In a report to a parliamentary audit on Thursday, the navy said it has operated a task force related to nuclear-powered submarines from a long-term perspective. Choi Jae-sung, a lawmaker from the ruling Democratic Party, said that the development of a nuclear submarined had been secretly pushed forward by Roh Moo-hyun, the late liberal politician who served as president from 2003 to 2008, but the project was suspended soon after it was exposed to the outside world.
The idea of developing nuclear submarines came back in 2007 when the test launch of North Korea's submarine-launched ballistic missiles (SLBMs) raised security concerns, but discussions have been slow, Choi said. "There has been no further review since 2007 when two research services about nuclear-powered submarines were conducted," he said, adding the navy's task force is now collecting simple and basic information.
South Korea has a three-phase project to develop a fleet of submarines. Through the first phase, nine 1,200-ton diesel-electric subs have been built under license. The second phase calls for the construction of six 214 hybrid diesel-electric/fuel cell vessels.

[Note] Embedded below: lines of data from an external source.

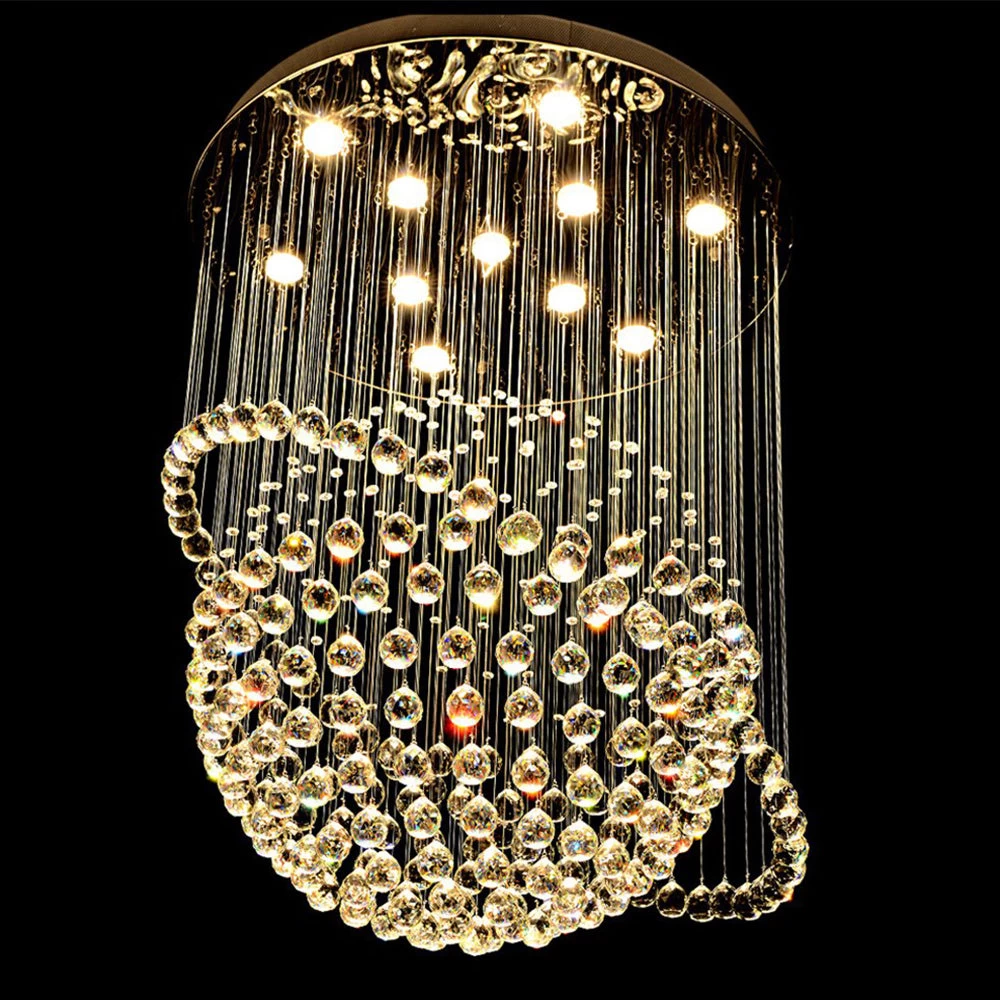 Modern Star Sphere Rain Drop Chandelier With Orbit - Image 9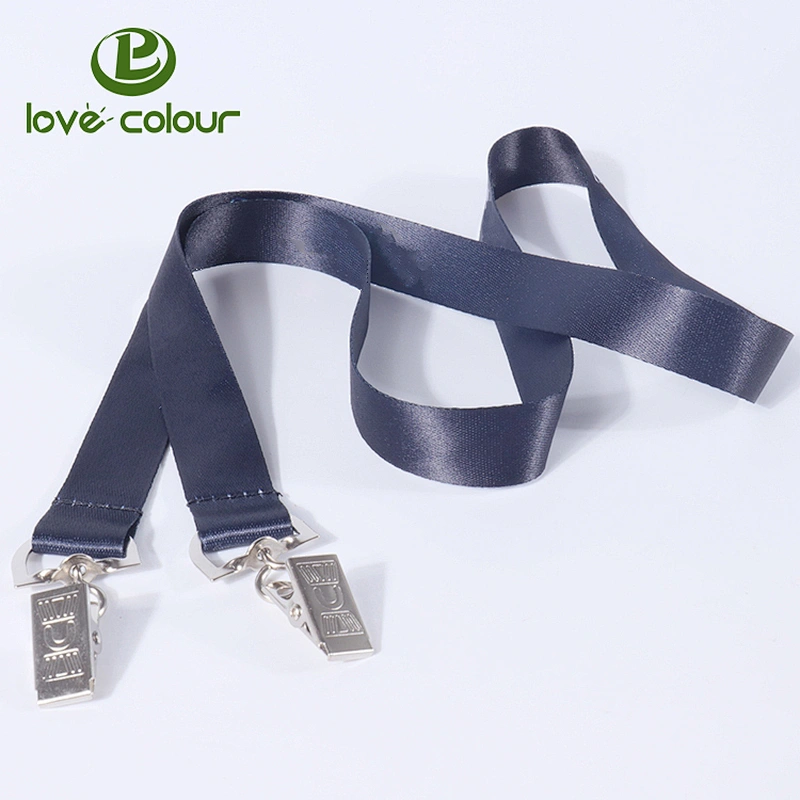 Popular black polyester sublimation custom lanyard with two clips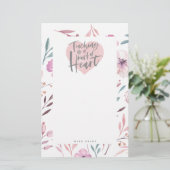 美しい水彩画の花の先生のギフト 便箋 (スタンド正面)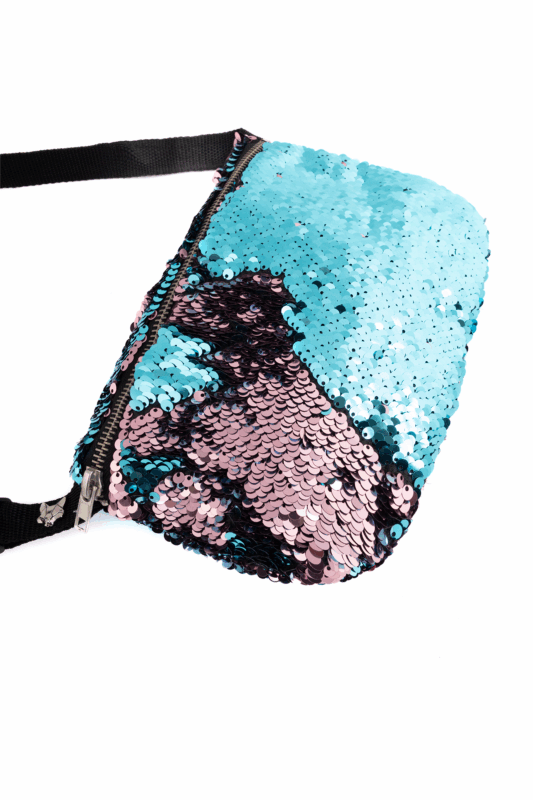 Grote Heuptas Pailletten Oceaanblauw Roze Sequin Glitter 1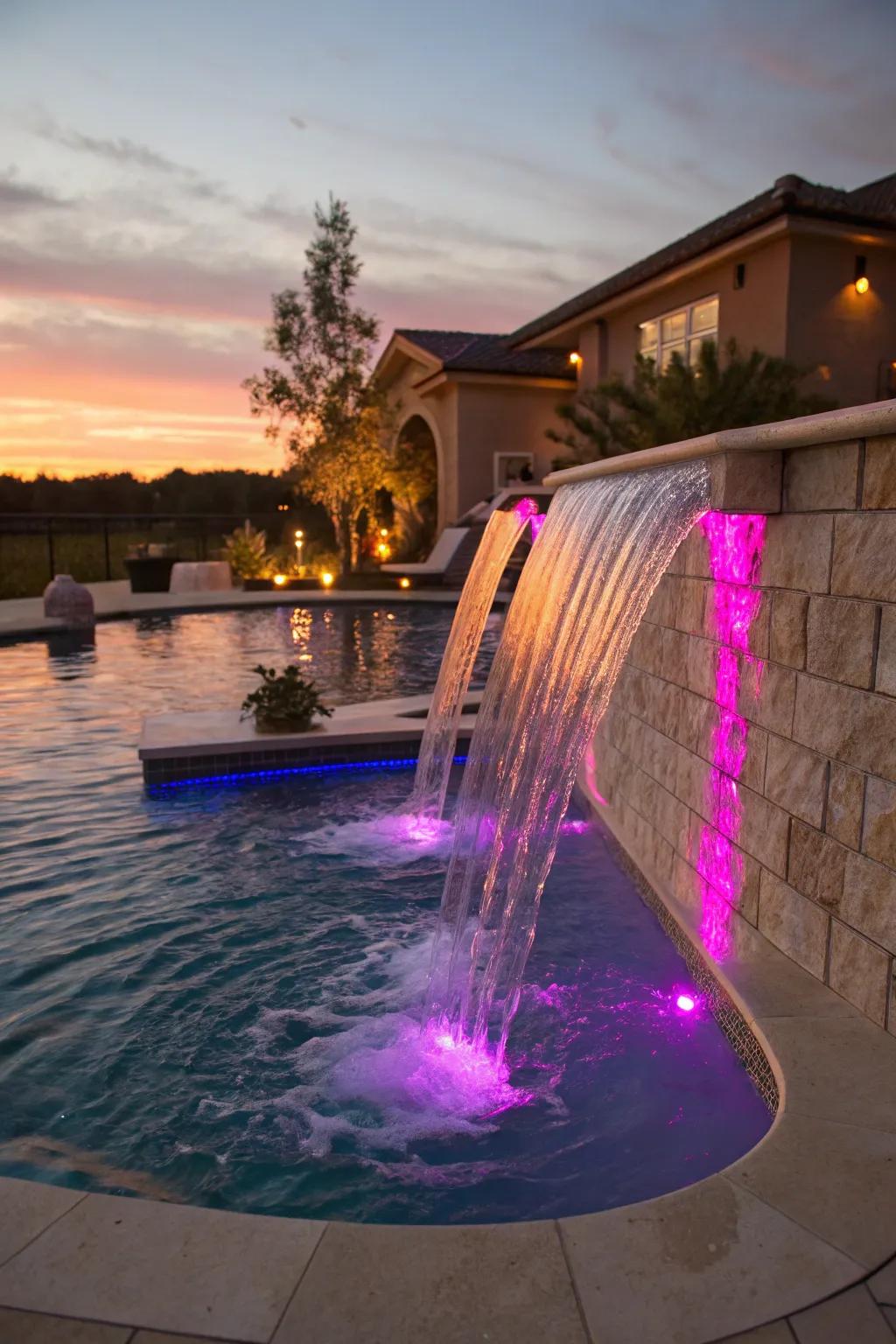 Sheer descents are perfect for a dramatic poolside effect.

Through the third phase, nine 3,000-ton subs will be built with indigenous technologies.
The necessity of developing a nuclear submarined gained attention again after North Korea claimed to have successfully tested a new-type SLBM called Pukguksong-3 on October 2, saying it scientifically and technically confirmed "key tactical and technical indexes" of the newly-designed missile.
North Korea's long-range ballistic missile program, coupled with the development of SLBMs, has been a prime security concern in Seoul and Washington, though US experts believe Pyongyang is still years away from the operational deployment of an SLBM submarine carrying ballistic missile for wartime missions.